__DATA__:
━━━

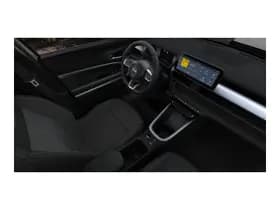 Jeep Avenger Summit Automaat thumbnail 8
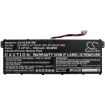 Acer Swift 3 SF314-56 Battery AC14B7K KT.00407.003 Replacement - 3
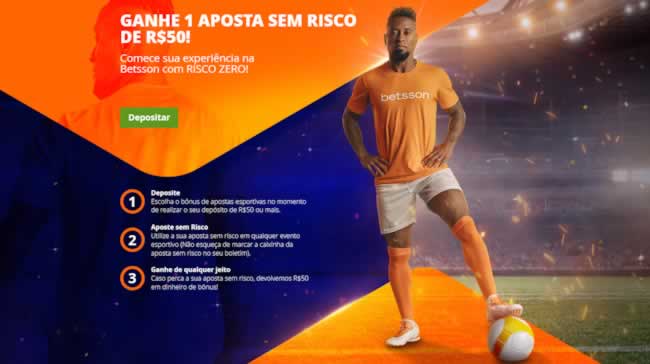 Sportsbet download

━━━

The result should be a verbatim copy of the data, free of pictures.

__OUTPUT__:
 Jeep Avenger Summit Automaat thumbnail 8
 Acer Swift 3 SF314-56 Battery AC14B7K KT.00407.003 Replacement - 3
 Sportsbet download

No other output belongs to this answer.